Monday, Jun. 24, 1940

"American Ship! American Ship!"

One morning last week the U. S. State Department instructed the U. S. Embassy in Berlin to let the German Government know that the S. S. Washington would sail from Lisbon that night loaded with U. S. refugees. The Washington, with 1,020 passengers aboard, duly sailed at 8 p.m.

At 5:30 the next morning the Washington was plowing northward through the fog to make a scheduled call at Galway, Eire. Below, 150 of her Catholic passengers were on their knees at early Mass conducted by the Rev. Henry D. Naber of Cincinnati when suddenly all the ship's sirens and alarms cut loose. As the consecration had just been reached, every Catholic remained kneeling until its conclusion. Then they joined other Washington passengers rushing in night clothes to the deck. From his cabin to the bridge hurried the Washington's worried captain, Harry Manning.

Through a light dawn mist the blinker tube of a submarine was winking.

"Stop ship. Ease-to ship. Torpedo ship."

The Washington confidently flashed back: "American ship!"

Submarine: "Leave ship."

Washington: "American ship! American ship!"

Submarine: "Ten minutes."

The ghostly dialogue paused. At the first leave-ship command, the sirens were sounded and the crew herded as many passengers as possible into lifeboats before the Washington was sunk by a torpedo. On the captain's orders, the ship's photographer clicked a record of the scene. In the chill dawn women and children began to pile into the boats. Faint light played over the flags painted on the Washington's sides, but the flag suspended between its funnels glowed under floodlights. Though ten minutes was not enough, there was no panic.
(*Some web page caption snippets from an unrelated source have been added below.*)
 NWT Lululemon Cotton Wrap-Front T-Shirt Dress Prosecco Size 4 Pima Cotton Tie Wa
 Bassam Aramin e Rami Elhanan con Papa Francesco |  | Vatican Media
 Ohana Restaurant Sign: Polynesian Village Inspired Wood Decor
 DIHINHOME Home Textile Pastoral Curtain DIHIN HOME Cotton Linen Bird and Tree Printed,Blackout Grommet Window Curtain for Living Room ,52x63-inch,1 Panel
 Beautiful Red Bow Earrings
Toward the dark hulk of the waiting submarine the Washington kept her own signaling searchlight flashing ceaselessly: "American ship! American ship!"

Just as the ten minutes expired, about 300 of the Washington's passengers had been placed in the boats, and some were being lowered. Then the submarine flashed again:

"Thought you were another ship. Please go on. Go on."
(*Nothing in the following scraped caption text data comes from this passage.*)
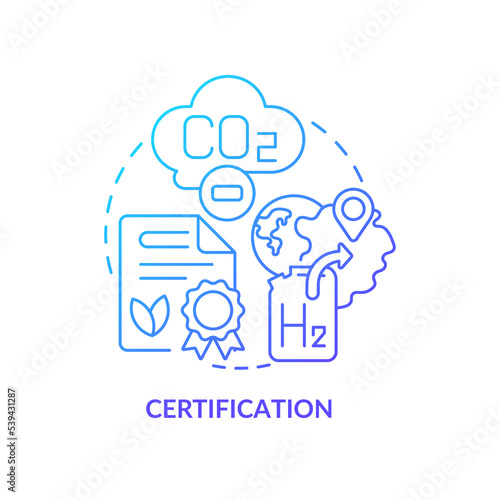 Hydrogen certification blue gradient concept icon. License. Validation of fuel cell technology abstract idea thin line illustration. Isolated outline drawing. Myriad Pro-Bold font used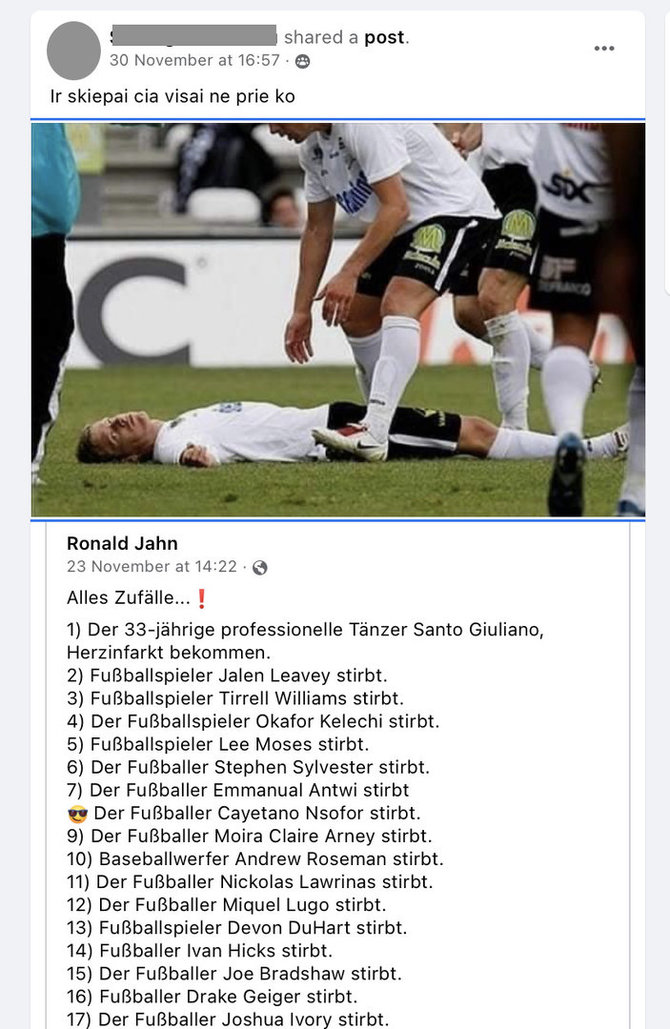 Ekrano nuotr. iš „Facebook“/Socialiniuose tinkluose keliamos abejonės, kad sportininkų mirtys gali būti susijusios su skiepais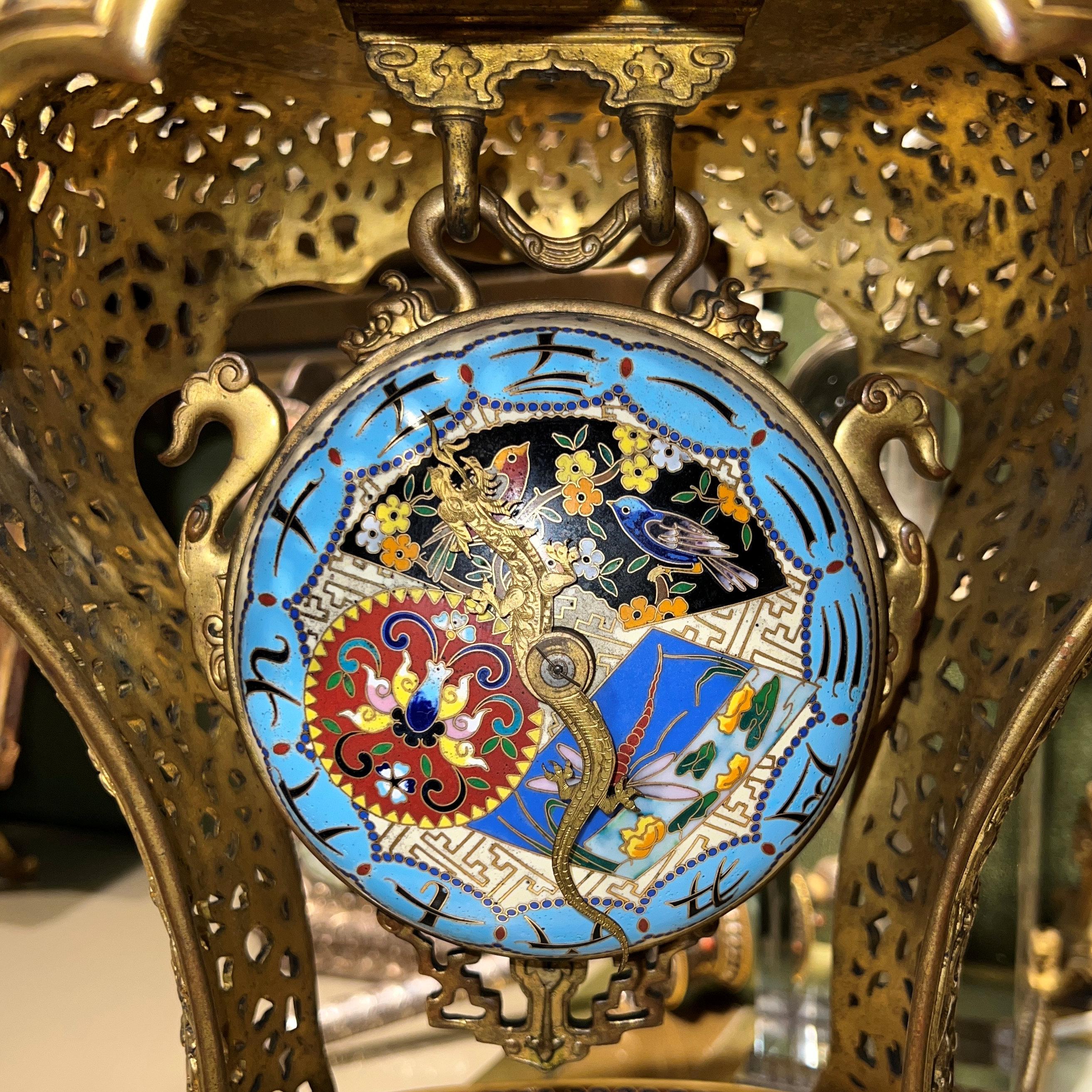 French Japonisme Mantel Clock and Candelabra Attributed to Edouard Lievre In Good Condition For Sale In New York, US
After this reprieve at dawn, the submarine dived, vanished. The Washington, without waiting to ask questions, steamed ahead, lifeboats still hanging on her stout sides. Not until the ship was well away from the scene did Captain Manning slow down to empty the boats. After all were brought back aboard, the Washington sighted another submarine. Taking no chances on his blinker this time, anxious Captain Manning worked an old sea trick by turning tail on the sub at such an angle that the Washington sailed toward the sun and its rays blinded the possible pursuer, which soon disappeared.

Before the Washington reached Galway to pick up 852 more refugees, indignant cables from the U. S. State Department cracked out demands for an explanation. The State Department insisted that the German Government had full notice of the Washington's change of course to Galway, which had even appeared in Berlin newspaper reports. The German Foreign Office admitted that the sub was German, but replied that the State Department was "mistaken," that its official notification had arrived on Monday, too late for transmission to German submarine commanders. As for the Washington, said take-it-or-leave-it Berlin, it was mistaken by the U-boat commander for a Greek ship.

"I kept on blinking," said Captain Manning, "so as to keep his mind off the torpedo and occupied with our blinker. . . . My only hope was to stall him along until he could see the ship in the daylight . . . and thus make him realize what he was doing."